CARCERAL CON emphasizes the need to address formal and informal processes of criminalization rather than crime rates. Why this emphasis? 

“Crime” is a social and political construction, created formally by legislators at the local, state, and federal level and further constructed by policing practices that target already marginalized groups. Race, class, gender, sexual orientation, age and ability shape entry into the criminal legal system, and are greater predictors of criminal labeling than any actual participation in crime.  

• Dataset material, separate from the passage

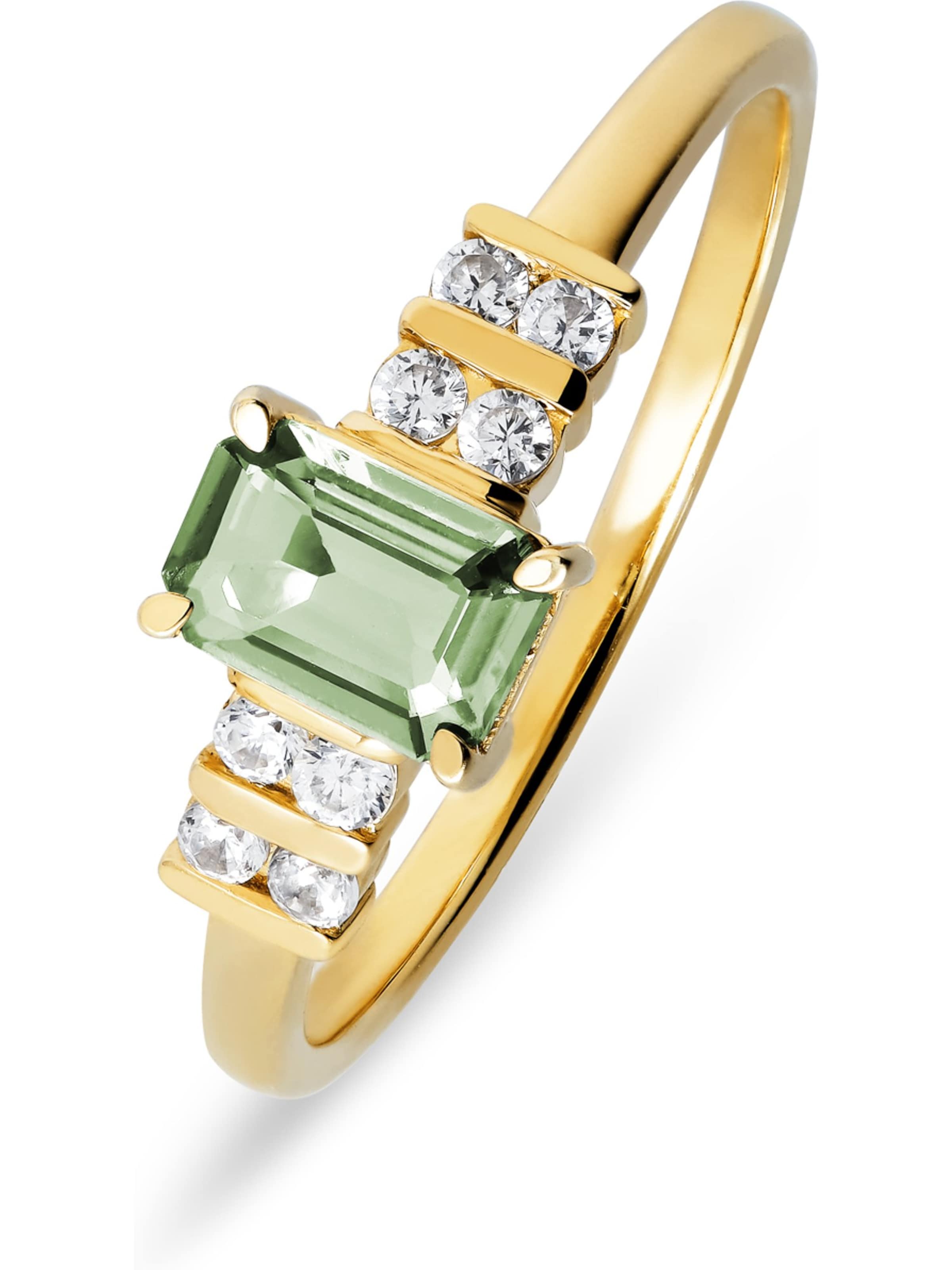 CHRIST Ring in Gelb: Vorderseite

Crime rates are a function of crimes known to and reported by the police to FBI’s Uniform Crime Reports, and tend to reflect biases in both police practices and citizen reporting, i.e., crime rates capture a glimpse of “street crime” at any given moment, but fail to account for law-breaking activity committed systematically by corporations or wealthy individuals. Despite this missing data, crime rates remain relatively stable over the long term, and are largely independent of criminal justice policy or policing practices.  But slight increases, especially in reported violent crime, are used by media and law enforcement proponents to escalate public fears and demand more funding for police and punishment. 

A central part of CARCERAL CON is the idea of abolition. What exactly do you want to abolish? The pushback to abolition typically involves the fear of  “chaos,” danger, and a complete breakdown in public safety. How do you respond to this? 

Abolition calls for dismantling the prison industrial complex (PIC), which refers to the overlapping and mutually reinforcing interests of governments, industry, organizations, and others who work together to administer and expand systems of criminalization, policing, and carceral control. Investment in endless surveillance, intensified policing, and more forms of carceral control reproduces violence on a massive scale; it never reduces it. And it systemically jeopardizes the safety of marginalized groups and communities. This is why abolitionists organize to steadily reduce reliance on, shrink, and defund those systems so that policing and prisons are rendered obsolete.  

But abolition is not merely the absence of violent and death-dealing institutions. It’s also the active, material presence of life-giving approaches that emphasize community and ecological well-being; that shift public resources toward that end. That’s also what creates real public safety, not just for elites, but for all of us. 

What could a future without prisons and policing look like? 

Prisons and policing do not make us safer – the criminal legal system puts marginalized communities at substantial risk of violence and death, including the civic death associated with incarceration and collateral consequences. They arise from and reproduce structural racism and poverty. Millions are ensnared in this web of structural violence. Even for those who are not, the billions poured into more policing, more prisons contribute to the neoliberal starvation of social spending for education, healthcare, housing, employment opportunities and anti-poverty programs, all which serve as a buffer against so-called crime and processes of criminalization. 

A world without policing and prisons requires governance that prioritizes the affirmation of life versus death-making and invests in the well-being being of all. It requires, too, engaged communities committed to mutual aid, accountability, and a vision of transformative justice, created and sustained together.